Second, we asked about the power dynamics of distribution and how these dynamics are altered when third parties enter into the negotiation process? We have seen that the idea that "non-political" private firms are better positioned than municipalities to change public behaviour is simply inaccurate. In none of the cases mentioned where private sector principles have prevailed have payment levels improved. A common reason motivating the decision for local authorities choosing to partner with external operators is to avoid the virtual collapse of the delivery of essential services. When the decentralization of service delivery to external providers is motivated by such circumstances, the inherent management problems of the sector in question are not necessarily resolved because of the tension emerging from different expectations. The state expects the external provider to protect the local authority's constitutional obligations to deliver water to all, the external service provider expects that its service users will be compliant by paying, and the township service users expect an affordably priced and higher quality of service than what was provided under the apartheid regime. This chapter has illustrated that water partnerships following private sector principles have great difficulty in reconciling these differing expectations.

A concession or a long-term management contract claim to be useful service delivery alternatives by offering much-needed financial services and technical expertise to the state. The case studies above illustrate that this mantra is not necessarily true if it is at the cost of eroding the governance of the city council and undermining the ability of low-income communities to access water. Here is where the institutional model of a concession or "delegated management" presents a paradox: as a service delivery model set out to meet the needs of the poor, the logic of profit and efficiency that drive the management of these private sector models do not lend themselves to the patience and flexibility required to deliver services to poor people. Furthermore, the management style of these institutional models is to concentrate power and the decision-making processes of water distribution into an autonomous entity that is above the reach of political intervention—a trend that moves counter to the democratization processes that are vital if services are to be delivered in a socially just manner. Once a contract is signed, the municipality is at the weaker end of the bargaining relationship since it cannot easily regain its lost capacity and labour force to service new urban growth. Neither can it easily sign a different contract with a different company for newly incorporated areas, hence the long "lock-in" factor after the contract has been signed. Service providers are well aware of how contracts can operate in their financial interests once the initial turbulent dynamics settle. This confidence makes service providers akin to "growth statesmen" by taking a proactive stance in regional growth coalitions because they have sunk assets in specific areas (Logan and Moloch 1987).

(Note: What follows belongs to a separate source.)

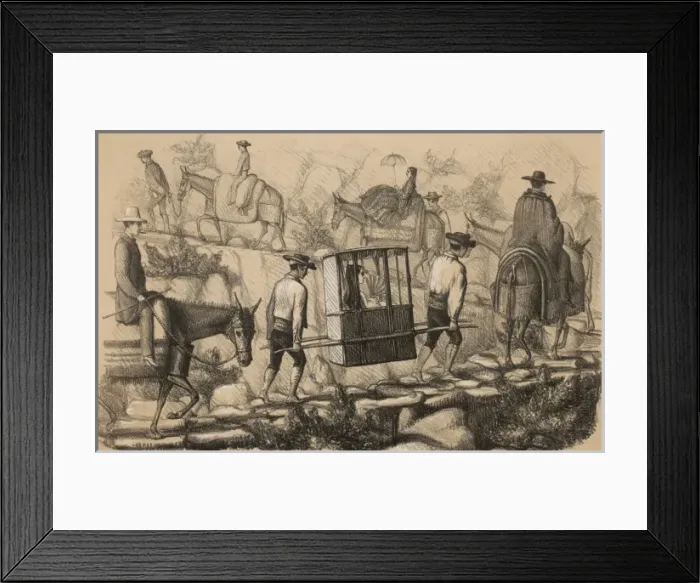 Framed Print : Pilgrim in Sedan Chair Framed Print : Pilgrim in Sedan Chair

Third, we have suggested that urban political ecology might benefit from more consideration of the difficulties of governing the poor by incorporating the idea that the poor often decide to exit the system when staying in becomes too onerous. This disengagement option, however, presages much wider collapses in governance and much weaker state penetration into the everyday life of the public. The weaker the state becomes, the less accountable it is. This exacerbates public scepticism and distrust and takes a costly social and political toll especially in strategic urban centres. This slide into two publics, one inside the framework of the law and the other outside, is what constitutes the current juncture of urban water distribution in South Africa today.